**What to work on:**
Line by line, copy out the data that follows.

**Data extract:**
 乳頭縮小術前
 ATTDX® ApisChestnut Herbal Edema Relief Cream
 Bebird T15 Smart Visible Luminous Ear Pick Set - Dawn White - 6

**Written response:**
 乳頭縮小術前
 ATTDX® ApisChestnut Herbal Edema Relief Cream
 Bebird T15 Smart Visible Luminous Ear Pick Set - Dawn White - 6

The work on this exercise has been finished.